● **DATASET EXTRACT**:
========

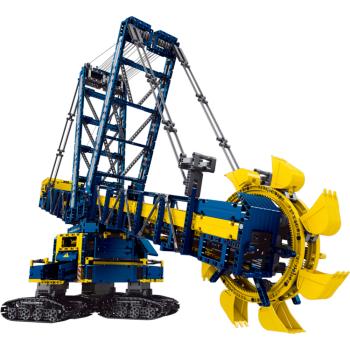 Preview: 17006 | Bucket Wheel Excavator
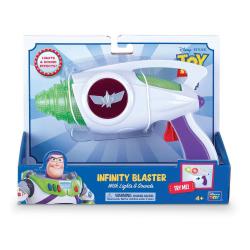 Toy Story 4 Réplica Role-Play Infinity Blaster
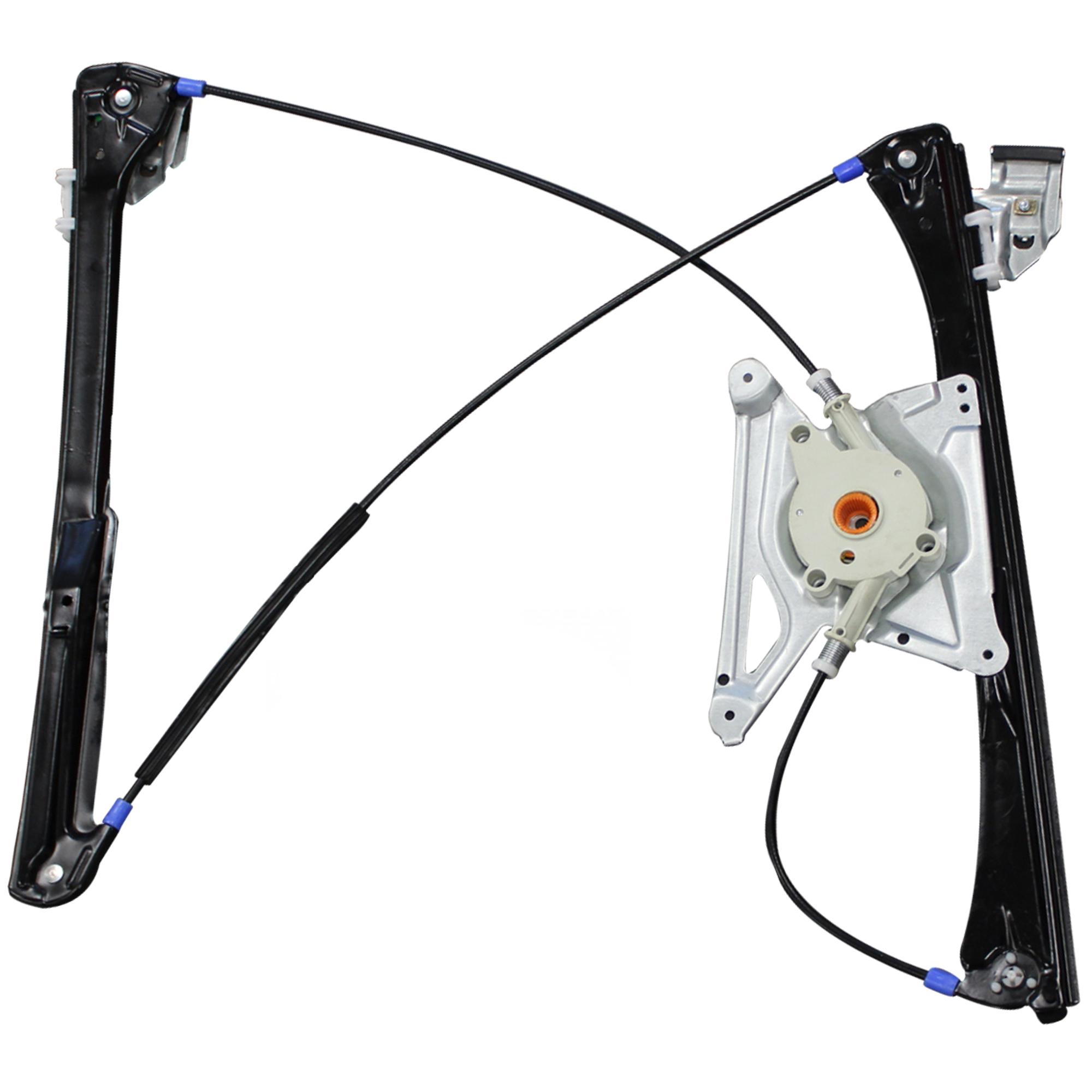 Mécanisme de lève-vitre électrique avant gauche pour Audi A4 (1994-2001) PARTSLINE SC16258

========

● **WORK TASK**:
Without the pictures, write out the listing exactly as it appears above.

● **ANSWER SPACE**:
 Preview: 17006 | Bucket Wheel Excavator
 Toy Story 4 Réplica Role-Play Infinity Blaster
 Mécanisme de lève-vitre électrique avant gauche pour Audi A4 (1994-2001) PARTSLINE SC16258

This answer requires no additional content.